Here’s something that may blow a few minds- YouTube is, by far, not the only available video hosting and sharing website on the ‘net. There’s a whole host of (admittedly rather stunning) alternatives to YouTube out there. While most of them don’t necessarily have the advantage of YouTube’s huge user base, they make up for that shortcoming in many different ways- from more features, to additional upload time. Here’s just a few websites that are worth looking into if you’ve grown tired of the ‘tube- or if you’re simply looking to expand your boundaries a bit.
Dailymotion: With 60 minute size and 2 gigabyte length limits, Dailymotion is a crisp-looking website which arranges videos by browsable category and sports a focus on professionalism. Note that not all content on Dailymotion is guaranteed to be family friendly- though they do a pretty good job of blocking out the stuff that isn’t, with their family filter.
Viddler: Rather than going the brute-force route and trying to compete directly with YouTube, Viddler’s gone in a completely different direction, and is attempting to out-feature the site, so to speak. Designed more for enterprise users than for consumers, Viddler allows complete customization of the viewing experience, and provides analytics data along with a full-featured API.
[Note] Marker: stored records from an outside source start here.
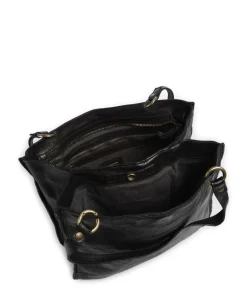 Campomaggi Tote Bags-Tote bag grained cow leather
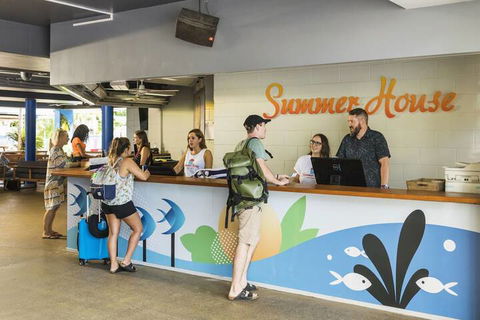 Summer House Backpackers Cairns - Northern Rivers Accommodation 7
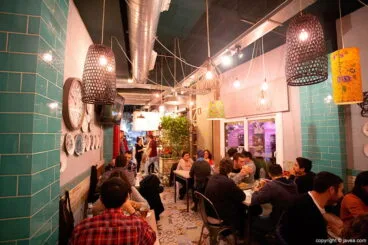 Ambiente El Raconet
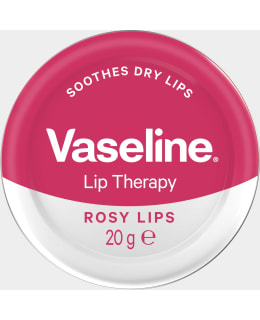 VASELINE LIP THERAPY ROSY 20G HUULIVOIDE Main Image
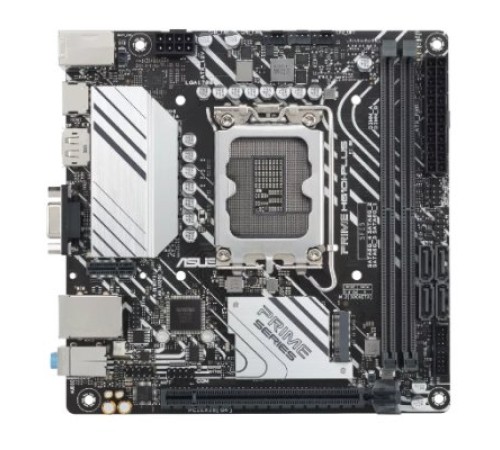 Материнская плата Asus Prime H610I-Plus-CSM 90MB1GB0-M0EAYC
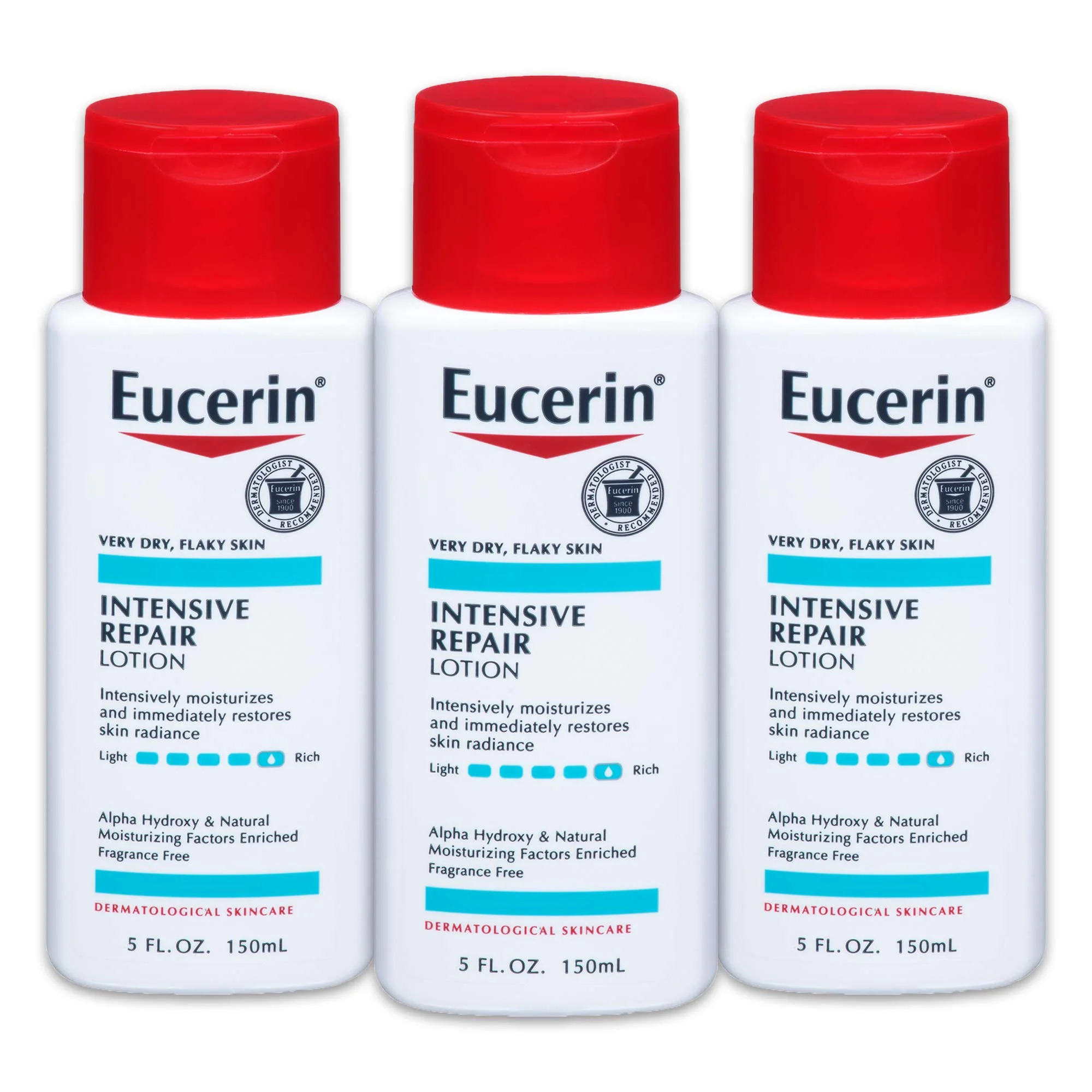 Eucerin Intensive Repair Very Dry Skin Lotion 5 fl. oz.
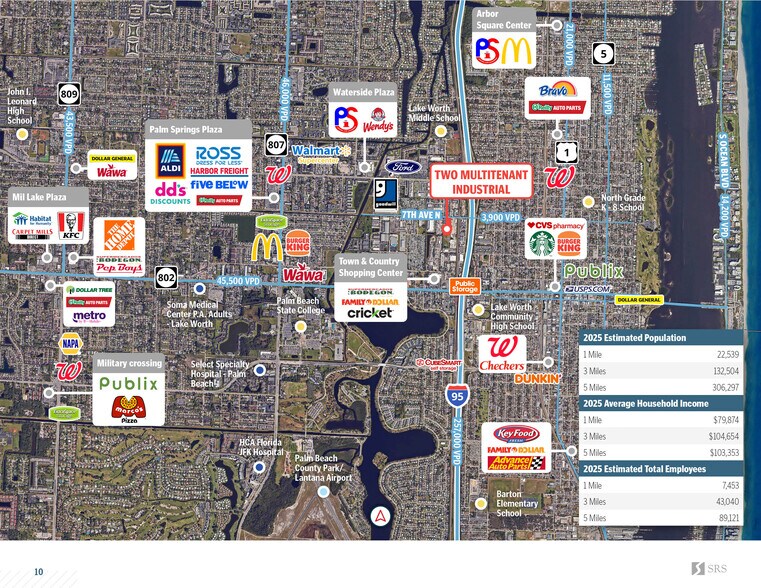 More Photos Of 1819 7th Ave N, Lake Worth Warehouse For Sale
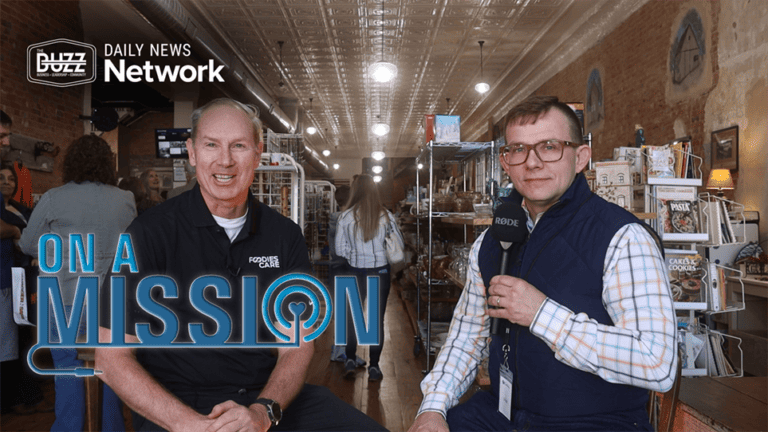 On a Mission with Episode 11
Blip.tv: As you might’ve figured from the URL, this one’s the perfect hosting site to start with if you’re looking at getting a web-series on its feet, and, for some reason, you don’t care to use YouTube. With a focus on uploading regular content and a wide array of Internet TV shows to choose from, Blip’s probably the closest thing a lot of people are going to get to watching cable on their computer without having to download an outside client.
Veoh: Three words: Unlimited. Upload. Size. That’s Veoh’s selling point, and it’s definitely a good one. It focuses more on movies and documentaries rather than the shorter videos you’d find on other hosting sites, as a result.
Vimeo: Here’s another site that emphasizes creativity and professionalism over…well…whatever it is we might find on YouTube. I’m not saying that creative, artistic videos are hard to come by on the latter, just that you’re just as likely to find nonsensical mashups, cute animal films, and completely insane ramblings as opposed to something crisp and well-designed. As an added bonus, Vimeo features a number of tutorials to help its users make better video.
If I had to describe it, I’d say it’s kind of like YouTube’s older, less-successful brother.